_TASK PROMPT_. Leave every picture out, then reproduce the rest of the listing exactly.

_EXTRACTED INFORMATION_.
*** Begin section ***

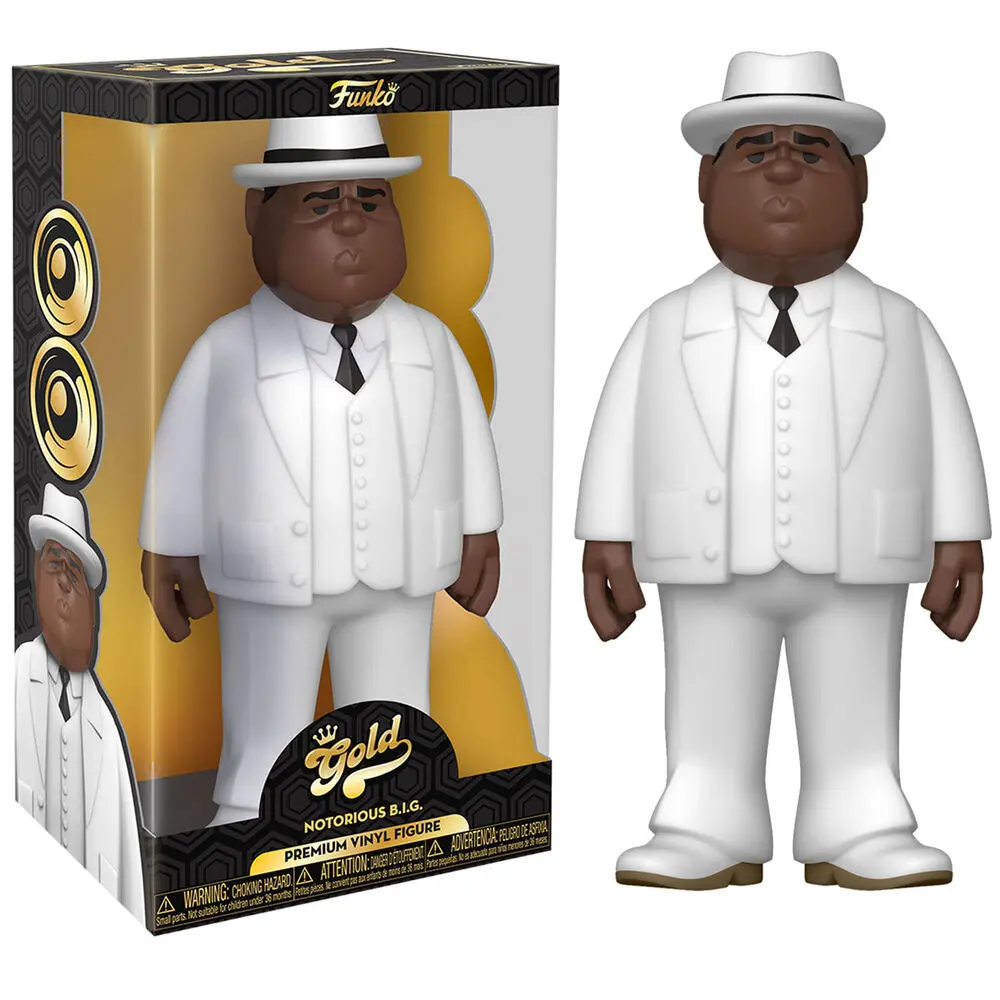 Notorious B.I.G. Vinyl Gold Figur Biggie Smalls White Suit 30 cm Produktfoto
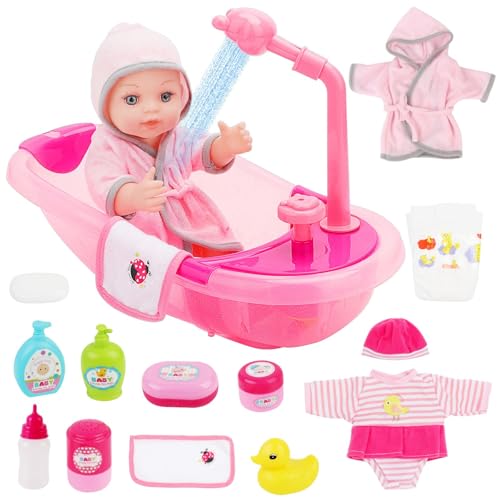 deAO Baby Puppe mit Badewanne und Zubehör, 30cm Badepuppe mit...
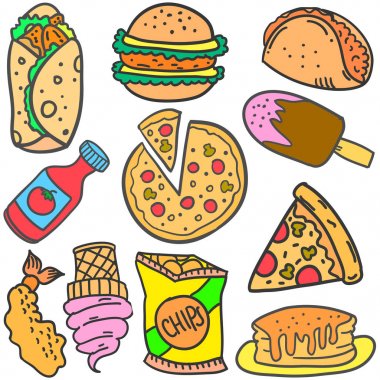 Gıdaların doodle çeşitli burger içki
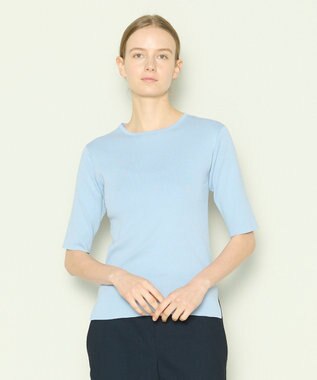 JOSEPH 【洗える】フィールコットン　ニットTEE Sky blue
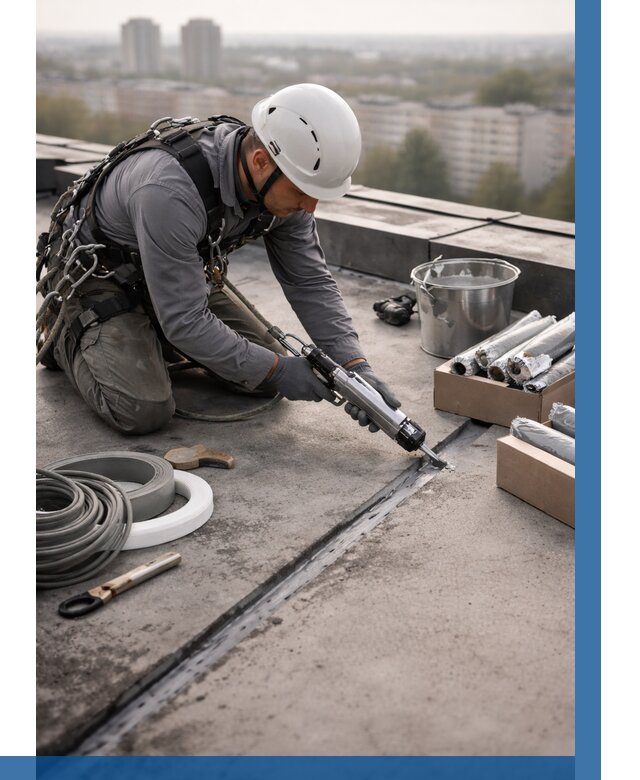 Герметизация швов кровли в Дагестанских Огнях от 465 р./м2 | ВЫСОТНИК-Дгс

*** End section ***

_TASK RESULT_.
 Notorious B.I.G. Vinyl Gold Figur Biggie Smalls White Suit 30 cm Produktfoto
 deAO Baby Puppe mit Badewanne und Zubehör, 30cm Badepuppe mit...
 Gıdaların doodle çeşitli burger içki
 JOSEPH 【洗える】フィールコットン　ニットTEE Sky blue
 Герметизация швов кровли в Дагестанских Огнях от 465 р./м2 | ВЫСОТНИК-Дгс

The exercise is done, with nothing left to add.